**Work required**
Locate the line that contains "Новогодняя история Дмитрия, Полины" in the entries below. Retype it and all following lines through the final one, character for character.

**Records for this task**
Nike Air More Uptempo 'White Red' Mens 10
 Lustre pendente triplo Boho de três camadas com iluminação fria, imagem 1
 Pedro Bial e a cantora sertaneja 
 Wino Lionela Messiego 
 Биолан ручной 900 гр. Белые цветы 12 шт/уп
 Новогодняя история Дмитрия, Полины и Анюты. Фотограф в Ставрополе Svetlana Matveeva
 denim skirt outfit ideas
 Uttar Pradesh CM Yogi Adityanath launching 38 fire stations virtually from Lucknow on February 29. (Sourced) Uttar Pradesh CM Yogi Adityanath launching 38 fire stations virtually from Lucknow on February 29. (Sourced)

**Problem solution**
 Новогодняя история Дмитрия, Полины и Анюты. Фотограф в Ставрополе Svetlana Matveeva
 denim skirt outfit ideas
 Uttar Pradesh CM Yogi Adityanath launching 38 fire stations virtually from Lucknow on February 29. (Sourced) Uttar Pradesh CM Yogi Adityanath launching 38 fire stations virtually from Lucknow on February 29. (Sourced)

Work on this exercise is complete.